Continuous high temperatures are undesirable and can lead to malfunctioning or more damage to the supply, connected circuits or downstream equipment. The over temperature protection (OTP) therefore ensures that the supply operates within the safe design temperature and shuts the supply down whenever this is exceeded.

Thermal protection is achieved through focusing on the PCB, enclosure and heat sink design. Increased over temperature protection prolongs the lifespan of the power supply components, resulting to improved efficiency and reliability. The protection is implemented in various ways determined by factors such as the amount of space, noise requirements, regulators and other standards conformity.

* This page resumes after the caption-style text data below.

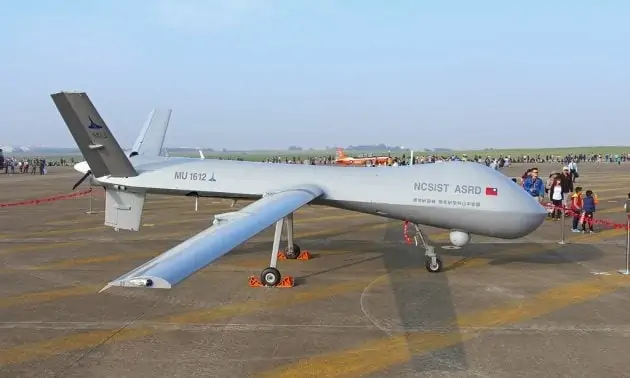 Taiwan coastal patrol drone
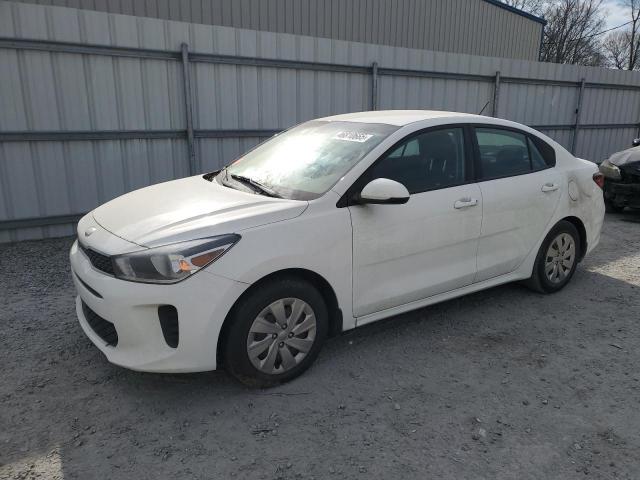3KPA24AB8JE058467 - 2018 KIA RIO LX WHITE photo 1
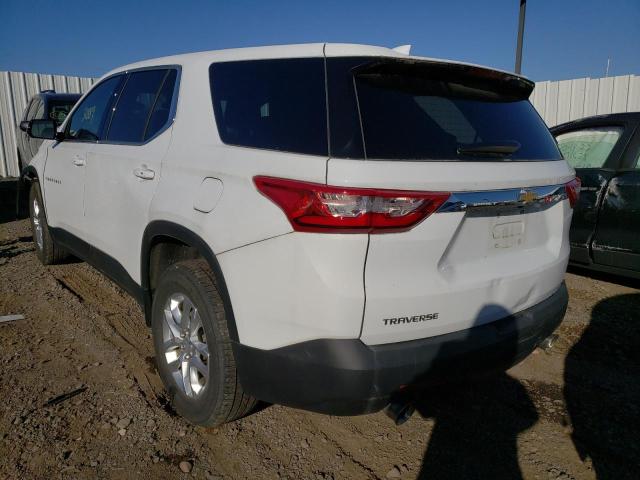 Photo 2 VIN: 1GNERFKW5JJ160135 - CHEVROLET TRAVERSE L 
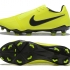 Футбольные бутсы NIKE Phantom Venom зеленые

Essentially, a temperature sensor such as an NTC or PTC thermistor, integrated circuits, on-chip diodes or diodes are used to protect the devices in an LED application or even a power supply unit from overheating. The sensor monitors the temperature of the hottest item on the board. Once the internal temperatures exceed the preset limit, the OTP shuts down the power supply, hence preventing further increase in temperature and possible damage.

In a typical OTP system, a pair of thermistors is usually attached to the heat sink. One of the thermistors is connected to the fan control circuit and is used to automatically adjust the fan speed based on the temperature of the heat sink. The other thermistor is connected to the over temperature protection circuit and will trigger the shutdown process if the temperature exceeds the safe value.

Figure 1: Power supply with two thermistors on heat sink (red arrows)

A typical power supply protection system using a monitoring and control IC is shown in Figure 2 below, with one end of the thermistor connected to the IC. When high temperatures are experienced, the resistance of the NTC thermistor decreases, and more current will flow. This will cause more voltage across the RT resistor. This is sensed by the monitoring IC, which initiates a shutdown process when the preset limit is exceeded.

Figure 2: Typical over temperature protection circuit using an NTC thermistor

The negative temperature coefficient (NTC) thermistors are the most commonly used in temperature sensing and controlling the protection method in place. This is due to their low cost/performance ratio and small package sizes. The response time, accuracy and thermal gradient are determined by the way the thermistor is mounted.